4.5. Discussion on Model Feasibility and Practical Deployment
The practical deployment of the STFF-CANet model in real-world aero-engine health monitoring systems necessitates a rigorous assessment of its real-time performance and adaptation to embedded hardware constraints. To preliminarily assess its real-time potential, inference tests were performed on a high-performance multi-core CPU. The average inference time for processing a single data segment (with the sliding window length defined in 3.1) was approximately 15 milliseconds. This latency is primarily attributed to the sequential operations of the BiLSTM layers and the attention mechanism. While this result is promising, constrained by the current research conditions, our next step is to proceed with deployment and testing on embedded aviation systems. It is possible that further lightweighting of the model will be necessary, which itself represents a valuable and worthwhile direction for further research and exploration. Therefore, while the current model demonstrates high diagnostic accuracy on the available test data, its sustained accuracy over an engine’s lifetime necessitates further investigation. This will be a central focus of our subsequent research as we aim to collect more comprehensive lifecycle data and develop robust online adaptation methodologies.

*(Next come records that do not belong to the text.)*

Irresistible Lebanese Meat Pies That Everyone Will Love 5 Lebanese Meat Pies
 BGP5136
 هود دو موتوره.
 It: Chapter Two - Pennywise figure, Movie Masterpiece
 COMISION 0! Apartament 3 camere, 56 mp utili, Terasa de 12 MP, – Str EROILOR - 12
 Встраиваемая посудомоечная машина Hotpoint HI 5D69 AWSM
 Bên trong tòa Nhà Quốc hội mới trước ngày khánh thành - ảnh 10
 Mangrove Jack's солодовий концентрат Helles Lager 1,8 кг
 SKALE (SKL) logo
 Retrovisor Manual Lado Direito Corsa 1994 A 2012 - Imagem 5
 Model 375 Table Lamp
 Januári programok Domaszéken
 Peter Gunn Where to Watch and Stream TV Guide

The baseline models selected for comparison (CNN, LSTM, BiLSTM, CNN-BiLSTM) represent standard deep learning approaches for processing temporal and spatial features in fault diagnosis. The STFF-CANet model, with its targeted cross-attention fusion of complementary spatiotemporal features derived from FFT and optimized VMD, offers a parsimonious and effective solution tailored for the specific challenge of extracting weak surge precursors from limited, high-dimensional sensor data. Future work will focus on collecting more extensive datasets to enable fair and robust comparisons with these advanced architectures and on exploring hybrid models that may incorporate their strengths.